Putin claims that Poland in XIII century forced Orthodox priests in the lands of present-day Ukraine to convert to Catholicism which is false. He also claims that at that time Ruthenians were writing the letters requesting assistance in their difficult situation to “Warsaw”. But Warsaw wasn’t the capital of Poland at that time (apart from the fact that Poland wasn't unified state at that time).
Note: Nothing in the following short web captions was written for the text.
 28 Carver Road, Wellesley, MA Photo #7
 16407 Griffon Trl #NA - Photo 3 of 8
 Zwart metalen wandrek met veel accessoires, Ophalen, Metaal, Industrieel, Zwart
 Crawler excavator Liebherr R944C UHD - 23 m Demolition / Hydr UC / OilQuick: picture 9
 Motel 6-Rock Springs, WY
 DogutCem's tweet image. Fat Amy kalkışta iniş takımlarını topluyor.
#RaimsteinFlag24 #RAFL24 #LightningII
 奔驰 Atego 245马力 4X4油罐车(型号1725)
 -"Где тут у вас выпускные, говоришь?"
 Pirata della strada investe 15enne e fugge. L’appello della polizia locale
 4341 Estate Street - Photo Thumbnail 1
Warsaw was a small fortified town in that time, founded around 1262. Even after the end of period of fragmentation (XIV century) Cracow was the capital.
The Grand Duchy of Lithuania was already Christian and Orthodox before the union with Poland
So why did Vytautas convert in 1383? It is the truth that many parts of the Duchy of Lithuania were (more or less) Orthodox since 988, but the rulers were pagan, so the state was also pagan.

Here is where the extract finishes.